Ses préceptes d'éducation sont restés indémodables. Ils influencent bien des pédagogues et sont encore appliqués dans de nombreux pays.
Pestalozzi ( 1746 - 1827 ), précurseur d'une éducation nouvelle
C'est après la lecture de " L'Emile " que Jean-Henri Pestalozzi, pédagogue suisse, comprend que la solution au problème social passe par la rénovation de l'éducation.
Il considère que les aptitudes mentales de l'enfant se complexifient progressivement et que l'influence de la mère reste fondamental pour le jeune enfant. Ensuite l'école avec l'apprentissage des mathématiques et du dessin, entre autres, lui permet de passer à une sphère plus vaste pour l'épanouissement de ses capacités. Il place alors l'enfant au cœur de l'action éducative qui fait de lui l'acteur de son apprentissage.
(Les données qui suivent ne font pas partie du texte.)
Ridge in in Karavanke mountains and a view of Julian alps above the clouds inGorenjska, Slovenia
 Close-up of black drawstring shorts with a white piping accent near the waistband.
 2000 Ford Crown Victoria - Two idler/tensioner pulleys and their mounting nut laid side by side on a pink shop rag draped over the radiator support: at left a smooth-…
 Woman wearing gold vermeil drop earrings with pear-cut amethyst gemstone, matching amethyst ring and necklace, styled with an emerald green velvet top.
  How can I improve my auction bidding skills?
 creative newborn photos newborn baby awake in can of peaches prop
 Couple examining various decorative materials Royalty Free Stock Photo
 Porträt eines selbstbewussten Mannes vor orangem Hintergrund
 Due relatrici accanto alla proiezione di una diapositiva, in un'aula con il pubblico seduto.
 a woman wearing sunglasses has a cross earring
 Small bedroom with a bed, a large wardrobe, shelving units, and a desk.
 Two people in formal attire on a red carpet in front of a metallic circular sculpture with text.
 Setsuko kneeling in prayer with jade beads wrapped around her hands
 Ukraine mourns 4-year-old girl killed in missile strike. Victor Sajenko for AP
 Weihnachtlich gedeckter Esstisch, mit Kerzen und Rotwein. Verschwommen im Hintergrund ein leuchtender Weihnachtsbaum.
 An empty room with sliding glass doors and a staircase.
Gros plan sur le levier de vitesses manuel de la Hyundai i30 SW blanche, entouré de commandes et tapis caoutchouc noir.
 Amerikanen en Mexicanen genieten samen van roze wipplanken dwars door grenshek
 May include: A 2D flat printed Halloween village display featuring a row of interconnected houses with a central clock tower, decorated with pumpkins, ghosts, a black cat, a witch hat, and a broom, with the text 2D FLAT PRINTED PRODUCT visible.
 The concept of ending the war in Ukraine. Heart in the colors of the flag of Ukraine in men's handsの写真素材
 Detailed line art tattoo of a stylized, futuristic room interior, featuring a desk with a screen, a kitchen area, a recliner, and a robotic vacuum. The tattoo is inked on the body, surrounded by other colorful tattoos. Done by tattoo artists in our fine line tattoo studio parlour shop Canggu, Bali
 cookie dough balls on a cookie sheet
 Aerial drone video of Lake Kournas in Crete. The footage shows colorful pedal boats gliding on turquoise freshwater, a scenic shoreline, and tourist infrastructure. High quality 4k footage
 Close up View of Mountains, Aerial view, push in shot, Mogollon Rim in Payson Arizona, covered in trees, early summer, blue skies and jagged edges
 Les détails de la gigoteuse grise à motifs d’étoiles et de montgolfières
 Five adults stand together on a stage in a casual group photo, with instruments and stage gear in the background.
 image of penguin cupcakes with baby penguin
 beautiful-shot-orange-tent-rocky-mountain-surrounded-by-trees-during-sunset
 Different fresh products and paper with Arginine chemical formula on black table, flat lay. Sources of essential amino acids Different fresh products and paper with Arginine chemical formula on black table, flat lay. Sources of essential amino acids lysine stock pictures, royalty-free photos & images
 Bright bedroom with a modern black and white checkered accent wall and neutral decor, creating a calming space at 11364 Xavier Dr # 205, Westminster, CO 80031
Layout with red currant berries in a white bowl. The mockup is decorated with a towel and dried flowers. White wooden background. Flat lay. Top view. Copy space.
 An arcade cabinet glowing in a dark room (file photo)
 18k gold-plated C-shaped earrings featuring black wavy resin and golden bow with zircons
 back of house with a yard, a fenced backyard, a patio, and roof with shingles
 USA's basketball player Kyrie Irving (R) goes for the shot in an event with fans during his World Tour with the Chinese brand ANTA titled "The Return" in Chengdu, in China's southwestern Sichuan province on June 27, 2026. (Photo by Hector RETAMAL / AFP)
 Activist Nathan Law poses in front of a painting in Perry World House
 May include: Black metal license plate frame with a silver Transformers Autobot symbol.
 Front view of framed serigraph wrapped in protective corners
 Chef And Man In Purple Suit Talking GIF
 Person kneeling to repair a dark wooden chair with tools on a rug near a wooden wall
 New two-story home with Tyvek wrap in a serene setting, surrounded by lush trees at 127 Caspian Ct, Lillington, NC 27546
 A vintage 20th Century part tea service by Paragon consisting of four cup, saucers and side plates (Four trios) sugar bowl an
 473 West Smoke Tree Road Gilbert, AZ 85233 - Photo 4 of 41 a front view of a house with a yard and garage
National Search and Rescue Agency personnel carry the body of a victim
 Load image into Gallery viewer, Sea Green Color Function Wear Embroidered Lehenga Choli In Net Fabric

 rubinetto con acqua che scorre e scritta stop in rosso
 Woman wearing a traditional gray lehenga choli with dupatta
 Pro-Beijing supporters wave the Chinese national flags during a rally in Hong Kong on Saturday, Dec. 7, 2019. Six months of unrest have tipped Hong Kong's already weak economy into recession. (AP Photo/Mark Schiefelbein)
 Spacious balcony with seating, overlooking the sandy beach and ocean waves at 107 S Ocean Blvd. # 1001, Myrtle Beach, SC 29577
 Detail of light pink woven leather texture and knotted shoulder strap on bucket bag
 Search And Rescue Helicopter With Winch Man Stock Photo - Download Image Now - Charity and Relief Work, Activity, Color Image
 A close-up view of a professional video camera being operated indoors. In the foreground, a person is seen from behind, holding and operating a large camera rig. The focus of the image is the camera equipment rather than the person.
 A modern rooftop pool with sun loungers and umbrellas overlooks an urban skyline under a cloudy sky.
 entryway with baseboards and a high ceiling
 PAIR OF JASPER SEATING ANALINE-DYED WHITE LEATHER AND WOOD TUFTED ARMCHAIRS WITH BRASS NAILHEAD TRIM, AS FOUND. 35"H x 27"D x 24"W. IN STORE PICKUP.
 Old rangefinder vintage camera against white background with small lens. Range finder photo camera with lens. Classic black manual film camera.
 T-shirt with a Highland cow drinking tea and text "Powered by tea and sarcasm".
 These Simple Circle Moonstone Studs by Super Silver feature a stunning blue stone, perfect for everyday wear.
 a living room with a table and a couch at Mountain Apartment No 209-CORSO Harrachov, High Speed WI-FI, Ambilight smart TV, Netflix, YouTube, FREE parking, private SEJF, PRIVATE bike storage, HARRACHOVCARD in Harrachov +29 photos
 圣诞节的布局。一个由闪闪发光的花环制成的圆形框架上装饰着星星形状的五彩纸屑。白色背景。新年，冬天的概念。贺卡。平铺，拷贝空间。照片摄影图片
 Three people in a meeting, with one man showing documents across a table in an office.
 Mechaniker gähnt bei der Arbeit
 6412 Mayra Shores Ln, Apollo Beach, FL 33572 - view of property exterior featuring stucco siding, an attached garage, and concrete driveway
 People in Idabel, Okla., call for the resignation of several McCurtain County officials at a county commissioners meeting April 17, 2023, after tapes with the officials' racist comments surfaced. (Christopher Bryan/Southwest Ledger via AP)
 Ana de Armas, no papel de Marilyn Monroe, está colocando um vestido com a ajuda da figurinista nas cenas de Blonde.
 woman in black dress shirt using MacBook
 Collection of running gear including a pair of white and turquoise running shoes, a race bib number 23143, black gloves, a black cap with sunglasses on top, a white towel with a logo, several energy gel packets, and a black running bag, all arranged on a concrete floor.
Sa méthode est basée sur l'intuition. Ici, le maître montre le chemin mais laisse l'enfant avancer dans ses expériences, lui laissant le temps de manipuler, toucher, triturer pour ainsi découvrir son autonomie.
Il considère que l'observation et l’exercice précèdent la théorie. " La science, c'est d'abord une question de curiosité ... Il ne faut jamais commencer par les réponses, toujours par les questions. "
Il pense également que l'éducation scolaire doit être complétée par un enseignement agricole et professionnel permettant ainsi d'illustrer la théorie par la pratique.
Pestalozzi ouvre ses écoles aux plus pauvres. Il est précurseur dans de nombreux domaines: classes à niveaux, cycles d'enseignements, coopération dans la classe, pédagogie différenciée, évaluation formative et enseignement bilingue.
Hippolyte Rivail, celui qui sera le fondateur du spiritisme sous le nom d'Allan kardec, fréquentera l'école de Pestalozzi, à Yverdon en Suisse. Et il deviendra à son tour pédagogue, proposant plusieurs traités innovants.